## Work instructions
Please repeat exactly, and only, the lines from the one containing "Outil de pose" through the end of the records below, with no pictures.

====== Data for analysis

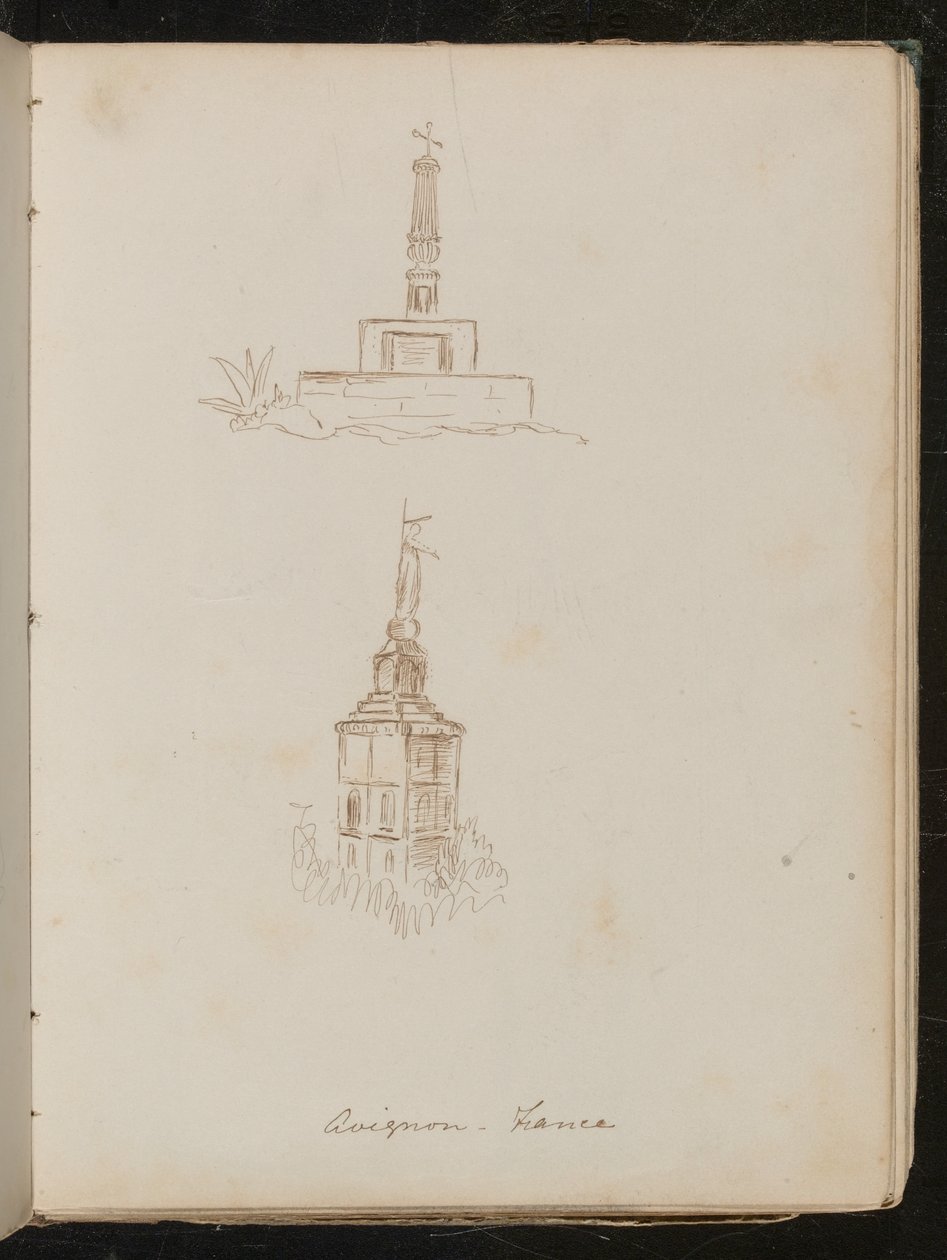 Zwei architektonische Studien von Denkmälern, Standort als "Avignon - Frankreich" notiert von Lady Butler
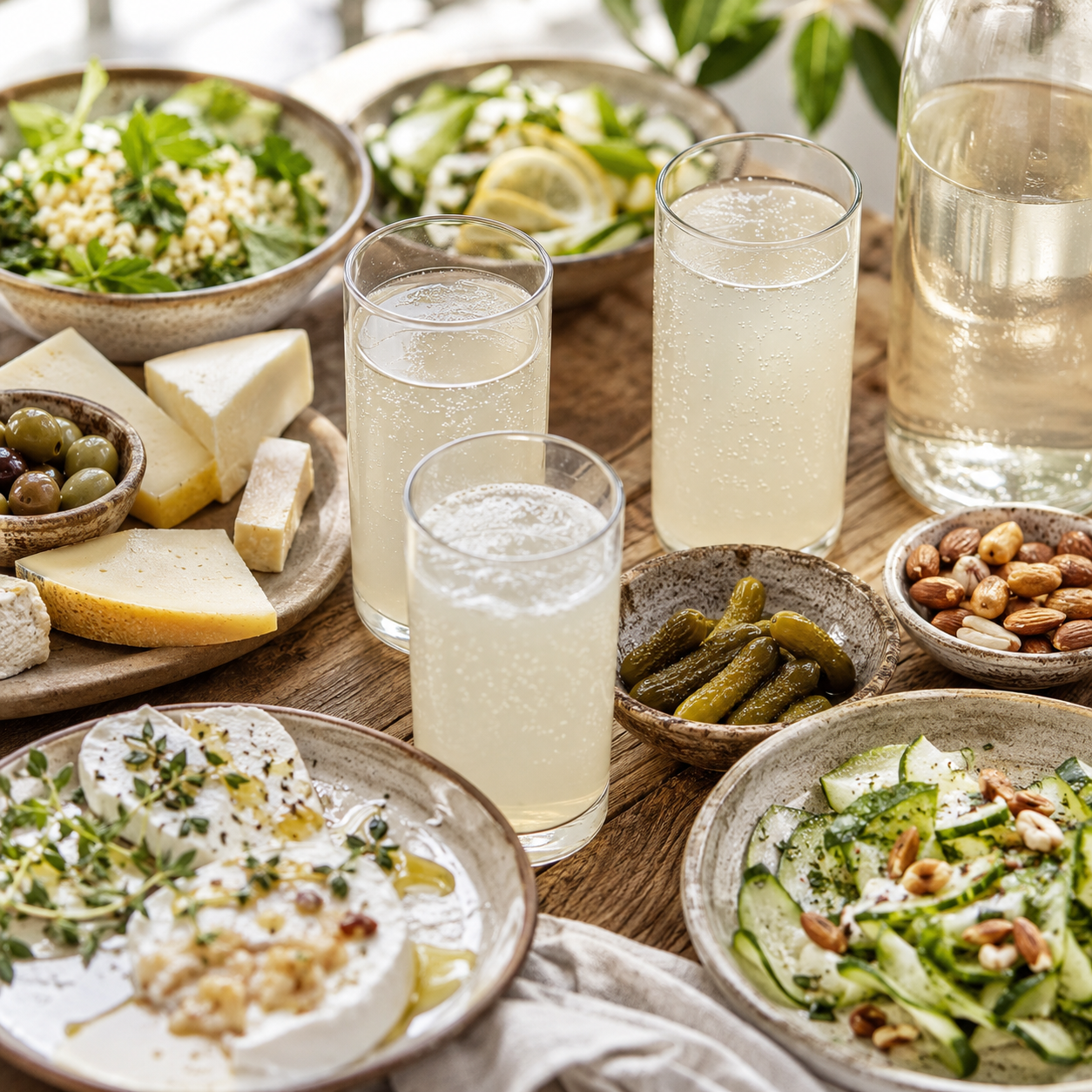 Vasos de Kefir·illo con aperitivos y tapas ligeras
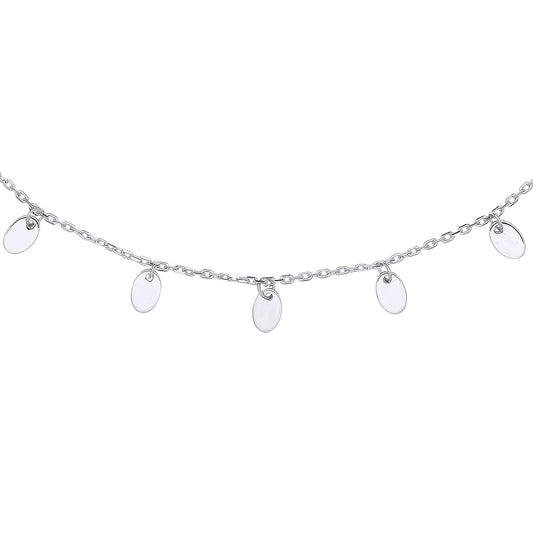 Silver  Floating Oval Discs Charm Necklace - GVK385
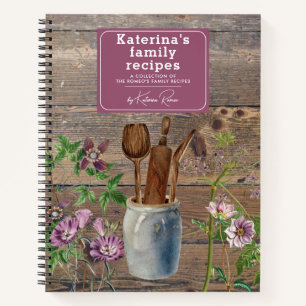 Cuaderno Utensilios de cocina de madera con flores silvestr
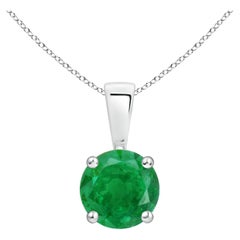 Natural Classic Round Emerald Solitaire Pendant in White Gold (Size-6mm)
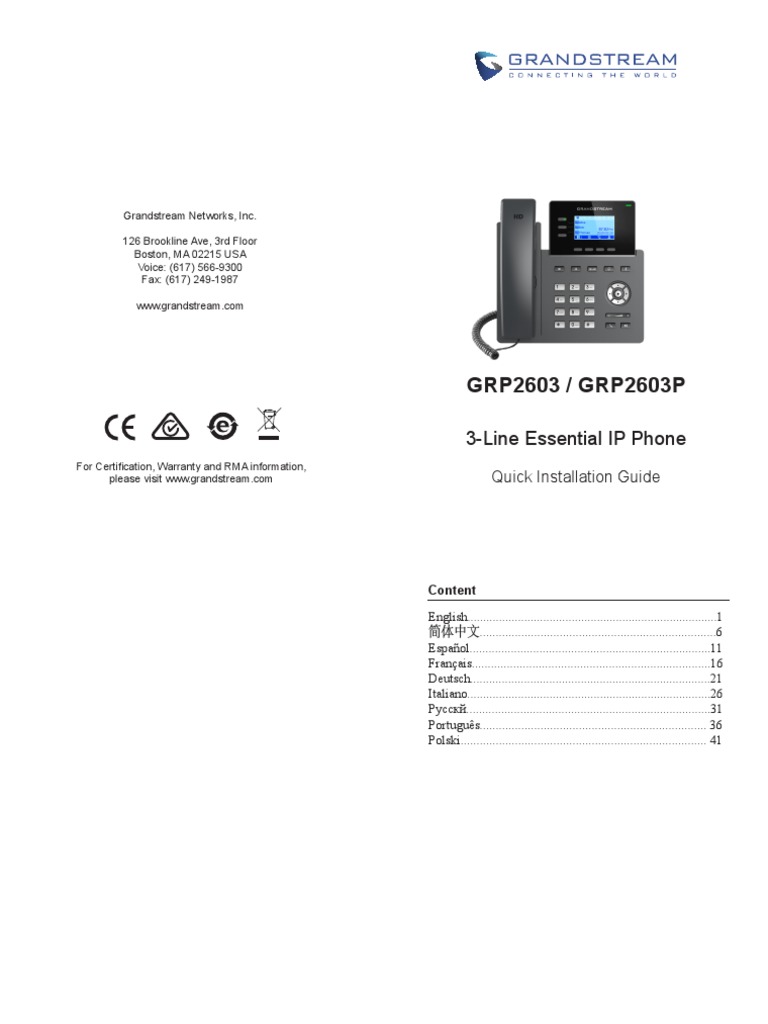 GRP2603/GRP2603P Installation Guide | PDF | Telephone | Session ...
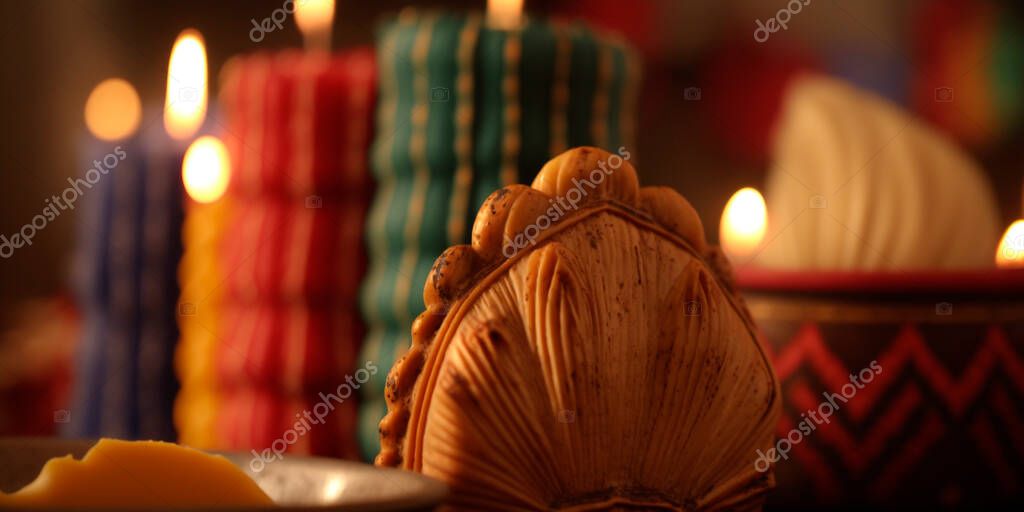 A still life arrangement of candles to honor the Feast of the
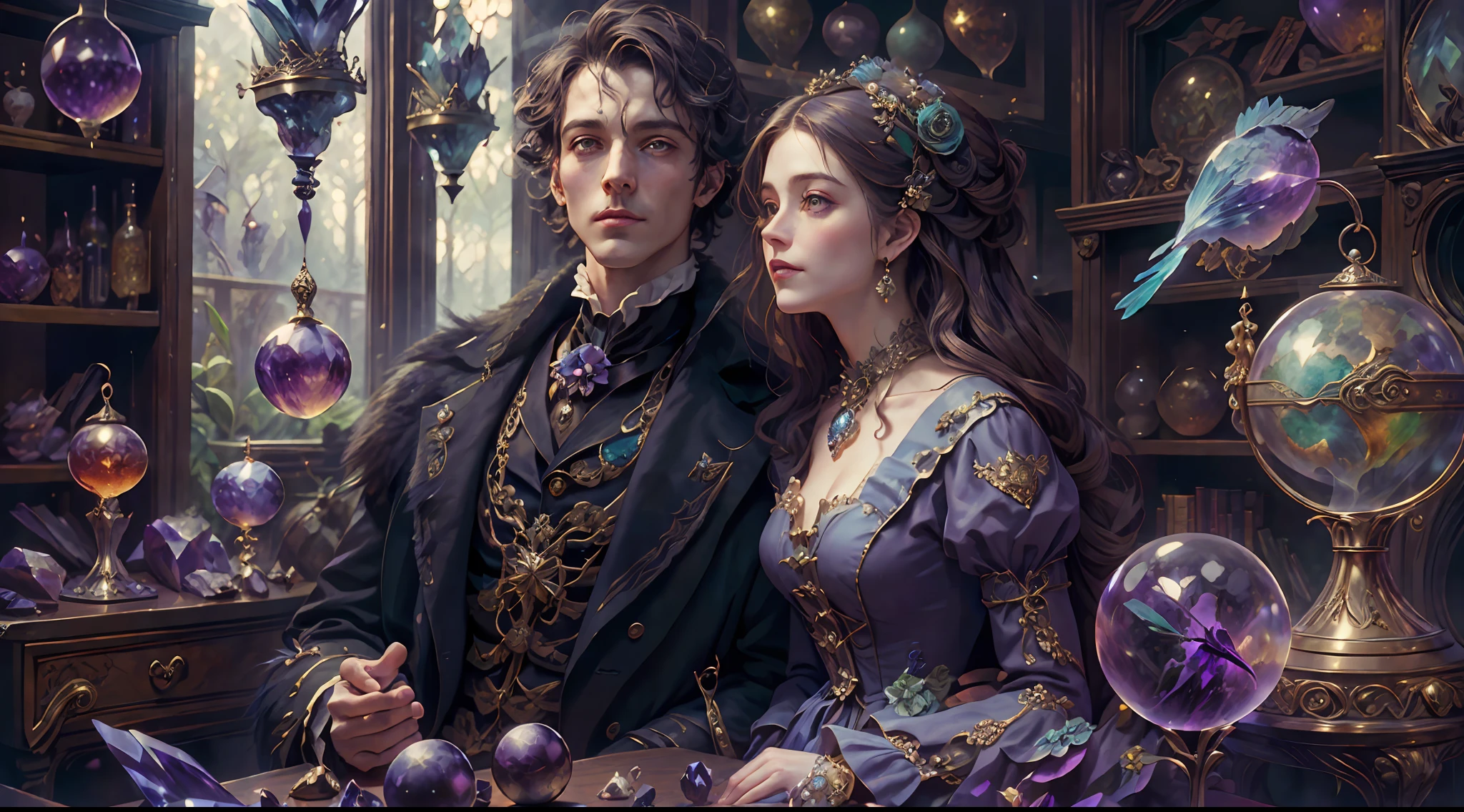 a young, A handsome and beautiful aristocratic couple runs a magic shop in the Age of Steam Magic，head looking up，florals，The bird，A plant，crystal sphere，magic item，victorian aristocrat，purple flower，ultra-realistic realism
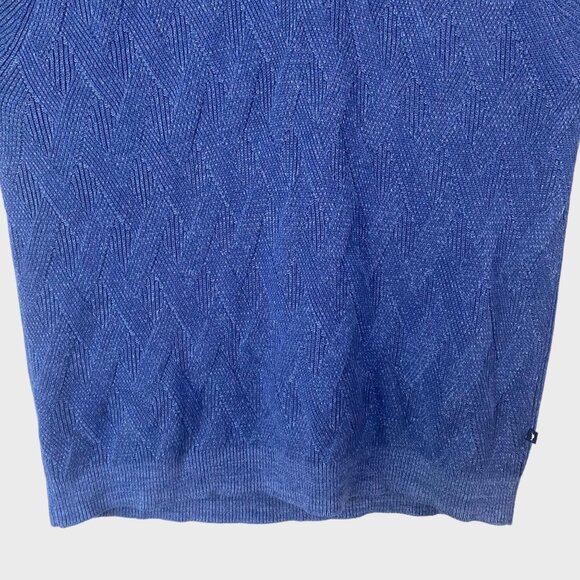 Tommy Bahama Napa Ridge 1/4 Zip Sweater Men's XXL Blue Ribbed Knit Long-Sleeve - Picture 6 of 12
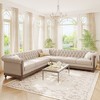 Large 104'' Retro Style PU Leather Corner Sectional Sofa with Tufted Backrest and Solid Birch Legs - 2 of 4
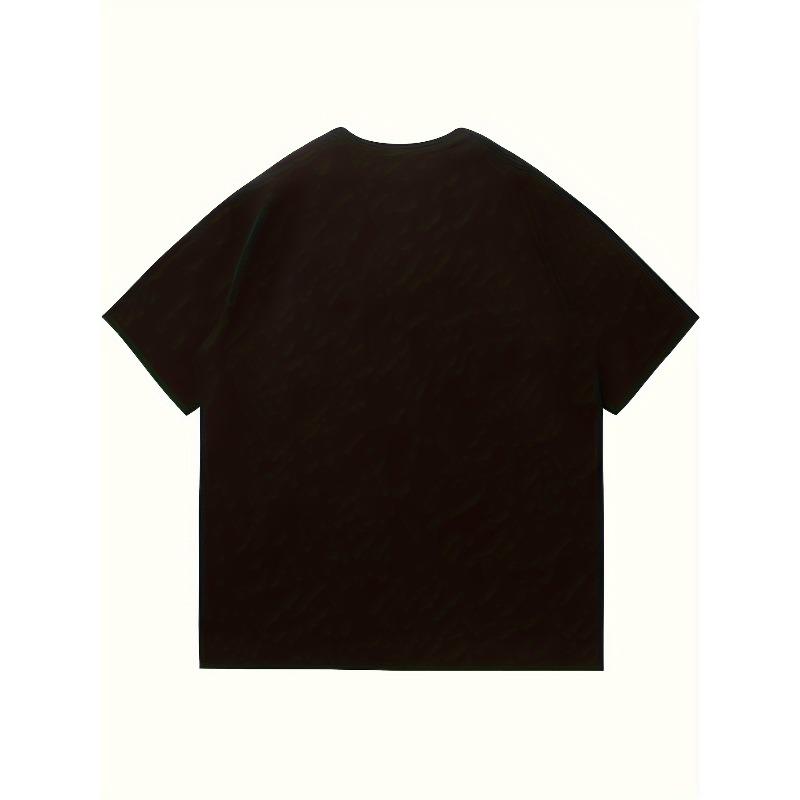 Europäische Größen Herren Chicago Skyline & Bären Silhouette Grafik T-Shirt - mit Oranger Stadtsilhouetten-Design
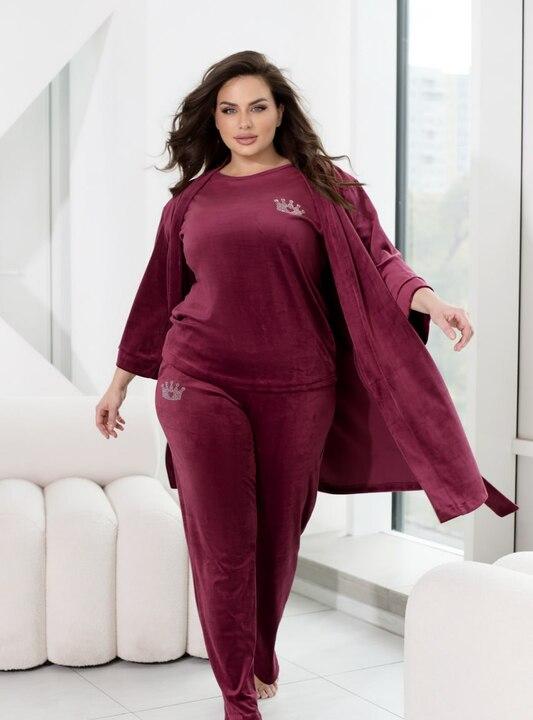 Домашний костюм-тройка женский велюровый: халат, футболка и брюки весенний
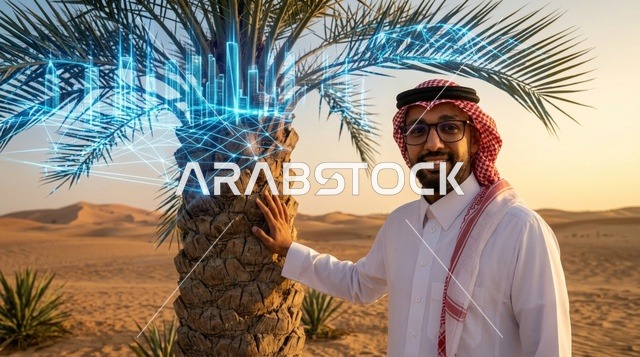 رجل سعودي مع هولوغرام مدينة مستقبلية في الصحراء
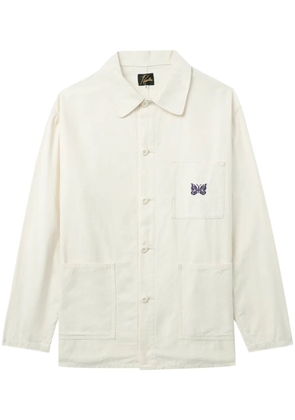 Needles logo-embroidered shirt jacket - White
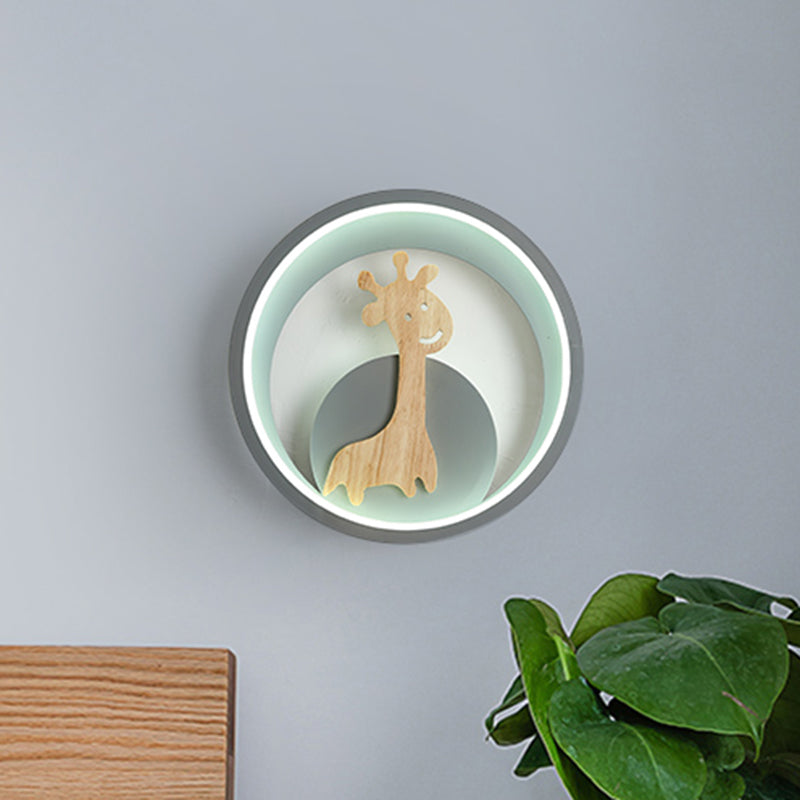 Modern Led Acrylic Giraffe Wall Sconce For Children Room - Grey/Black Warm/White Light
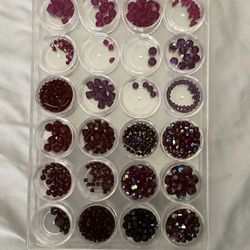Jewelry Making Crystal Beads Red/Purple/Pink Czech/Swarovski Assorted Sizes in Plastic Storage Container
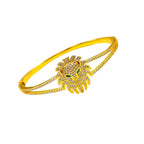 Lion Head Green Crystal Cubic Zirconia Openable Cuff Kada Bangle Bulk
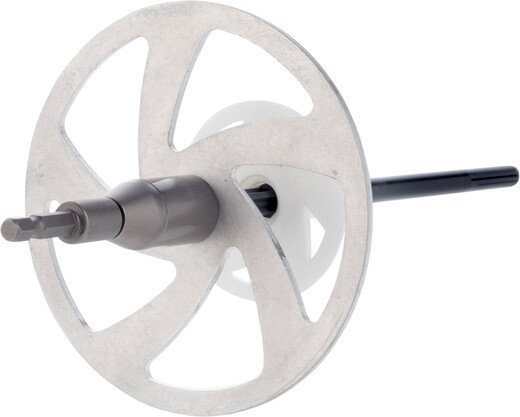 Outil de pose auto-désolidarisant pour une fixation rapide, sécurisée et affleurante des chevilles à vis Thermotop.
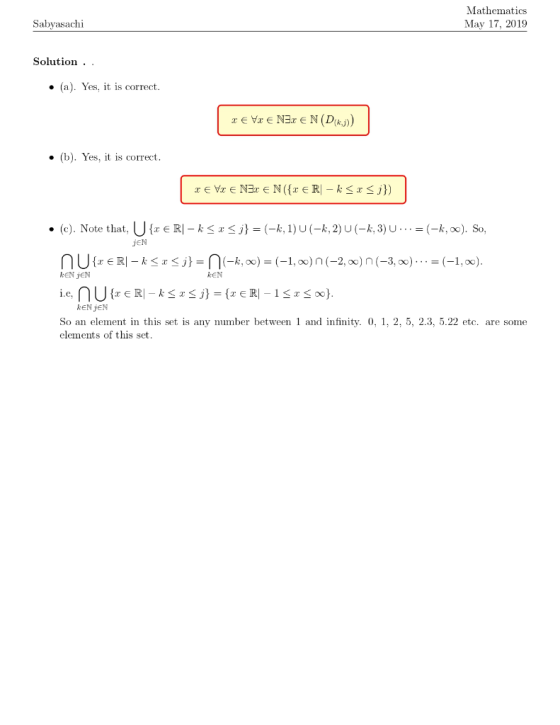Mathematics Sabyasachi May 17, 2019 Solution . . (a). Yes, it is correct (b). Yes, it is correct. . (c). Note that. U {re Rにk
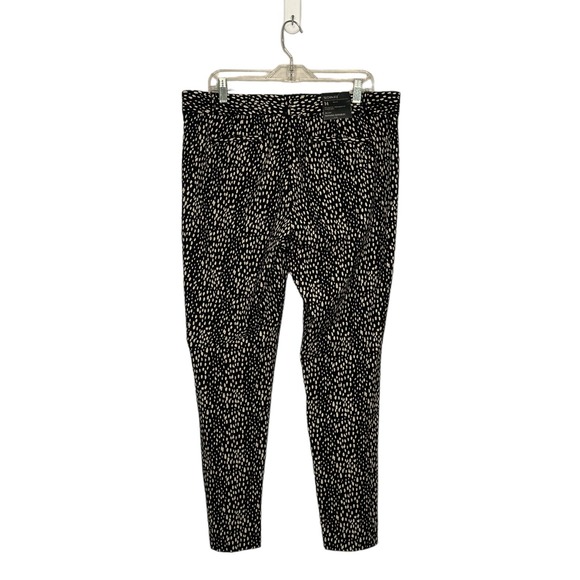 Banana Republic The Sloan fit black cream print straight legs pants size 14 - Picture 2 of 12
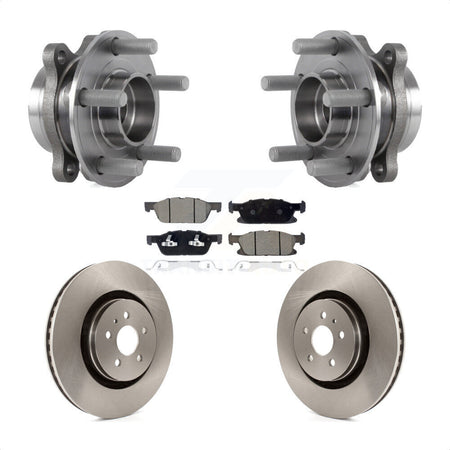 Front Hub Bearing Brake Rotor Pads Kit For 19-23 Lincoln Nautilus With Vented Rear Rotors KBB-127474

============

## Answer
 Outil de pose auto-désolidarisant pour une fixation rapide, sécurisée et affleurante des chevilles à vis Thermotop.
Mathematics Sabyasachi May 17, 2019 Solution . . (a). Yes, it is correct (b). Yes, it is correct. . (c). Note that. U {re Rにk
 Banana Republic The Sloan fit black cream print straight legs pants size 14 - Picture 2 of 12
 Front Hub Bearing Brake Rotor Pads Kit For 19-23 Lincoln Nautilus With Vented Rear Rotors KBB-127474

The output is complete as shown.